A Lar Branca disse esta segunda-feira que acredita ser provável assinar um consonância sobre terras raras com um “aperto de mão firme” nas negociações entre Washington e Pequim, que decorrem hoje em Londres.
“O objetivo da reunião de hoje é prometer que eles estão a falar a sério, mas também obter um aperto de mão de Scott, Howard e Jameson, os nossos três principais negociadores comerciais”, disse Kevin Hassett, mentor parcimonioso da Lar Branca, em declarações à enxovia televisiva CNBC, acrescentando que bastará “uma reunião curta com um aperto de mão firme”.
O mentor da Lar Branca indicou que, na conversa telefónica entre os presidentes dos dois países, na semana passada, Donald Trump manifestou a Xi Jinping o seu interesse em que a China e os Estados Unidos voltassem a reunir-se para chegar a um consonância de “aperto de mão” sobre as terras raras.
Hassett salientou que leste é um ponto de discórdia muito importante, pois a China controla tapume de 90% destes componentes e pode perturbar a produção de algumas empresas norte-americanas que dependem deles.
Da mesma forma, em referência às exigências chinesas sobre restrições aos semicondutores, o mentor presidencial reconheceu que, posteriormente o aperto de mão, os controlos de exportação implementados pelos Estados Unidos poderão ser flexibilizados.
“Imediatamente posteriormente o aperto de mão, todos os controlos de exportação dos EUA serão flexibilizados e as terras raras serão libertadas em grandes quantidades.

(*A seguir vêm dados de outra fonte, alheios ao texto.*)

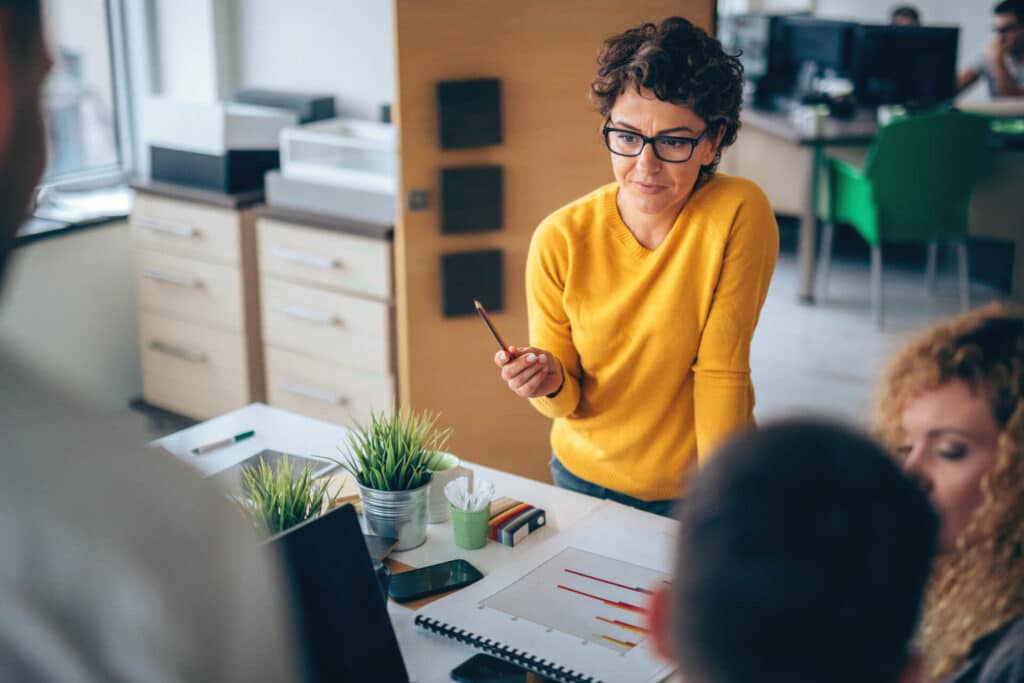 Woman in yellow sweater holds pen, discussing with colleagues around a table with charts and plants in office.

E depois poderemos voltar a negociar questões menores”, explicou Hassett.
Representantes dos Estados Unidos e da China estão reunidos hoje em Londres para discutir o porvir mecanismo mercantil acordado no mês pretérito em Genebra.
Donald Trump afirmou na passada sexta-feira que o seu país será representado nesta reunião pelo secretário do Tesouro, Scott Bessent, pelo secretário do Negócio, Howard Lutnick, e pelo representante do Negócio dos EUA, Jamieson Greer.
Do lado da China, estará presente o vice-primeiro-ministro, He Lifeng, que já tinha representado o seu país na reunião realizada entre os dois países na Suíça.
Trump teve na semana passada uma conversa com o Presidente chinês, Xi Jinping, na qual expressou a sua preocupação com a escassez destes materiais essenciais para o fabrico de veículos elétricos, entre outros, enquanto o líder chinês manifestou o seu insatisfação com as novas restrições dos EUA a tecnologias avançadas.
Em 12 de maio, posteriormente conversações entre representantes de ambos os governos, na Suíça, os Estados Unidos e a China anunciaram a suspensão de uma parcela suculento das tarifas aplicadas entre si por um período inicial de 90 dias.
Os Estados Unidos suspenderam portanto as tarifas recíprocas sobre as importações da China, que foram reduzidas de 145% para 30%, enquanto a China reduziu as tarifas sobre as importações dos EUA para 10%, inferior dos 125% anteriores ao consonância.